- Opening Delimiter -

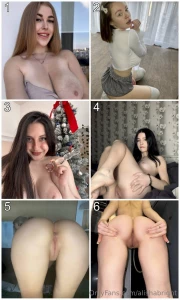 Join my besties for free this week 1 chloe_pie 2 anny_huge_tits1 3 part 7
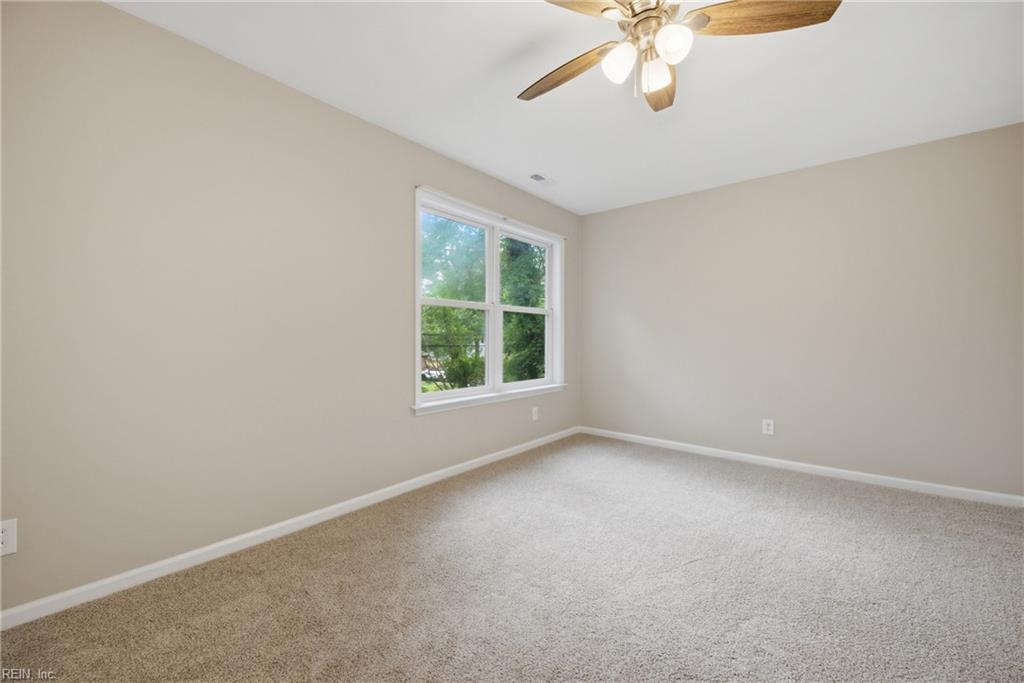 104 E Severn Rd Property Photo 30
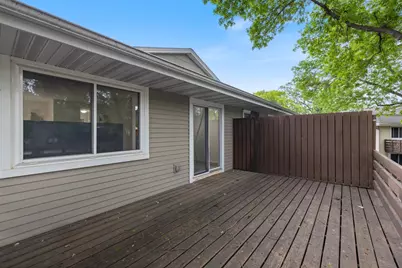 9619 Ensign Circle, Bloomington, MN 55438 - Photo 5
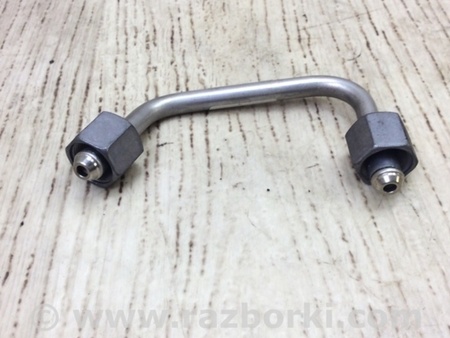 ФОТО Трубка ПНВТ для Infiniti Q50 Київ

- Closing Delimiter -
- Opening Delimiter -

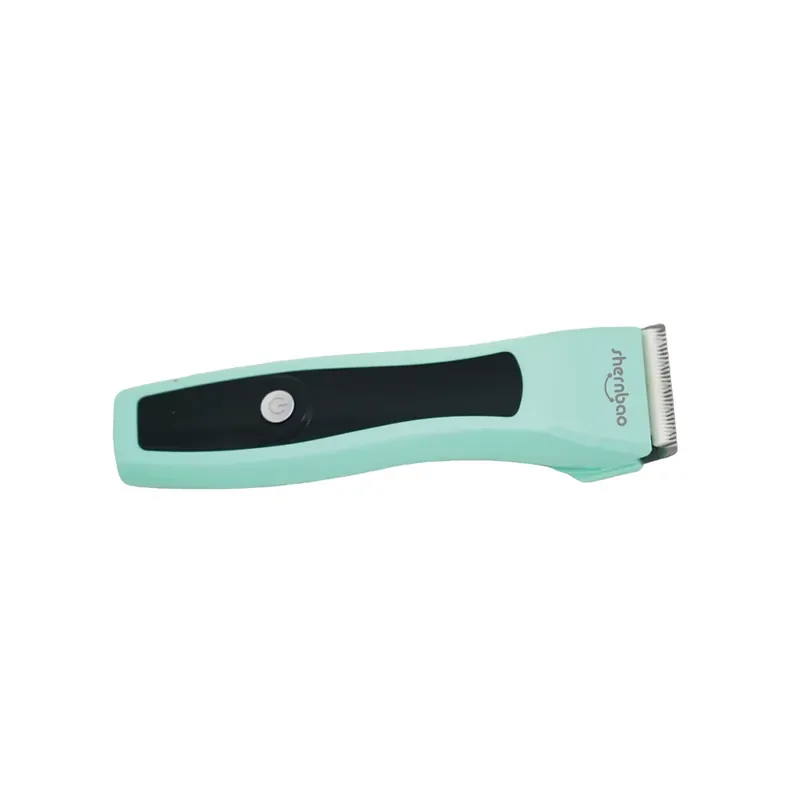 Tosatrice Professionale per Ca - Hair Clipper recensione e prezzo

- Closing Delimiter -

◆ YOUR GOAL ◆
Using the listing above, restate exactly the range between the lines holding "9619 Ensign Circle, Bloomington, MN" and "ФОТО Трубка ПНВТ для Infiniti Q50 Київ", inclusive, with pictures left out.

◆ EXERCISE RESPONSE ◆
 9619 Ensign Circle, Bloomington, MN 55438 - Photo 5
 ФОТО Трубка ПНВТ для Infiniti Q50 Київ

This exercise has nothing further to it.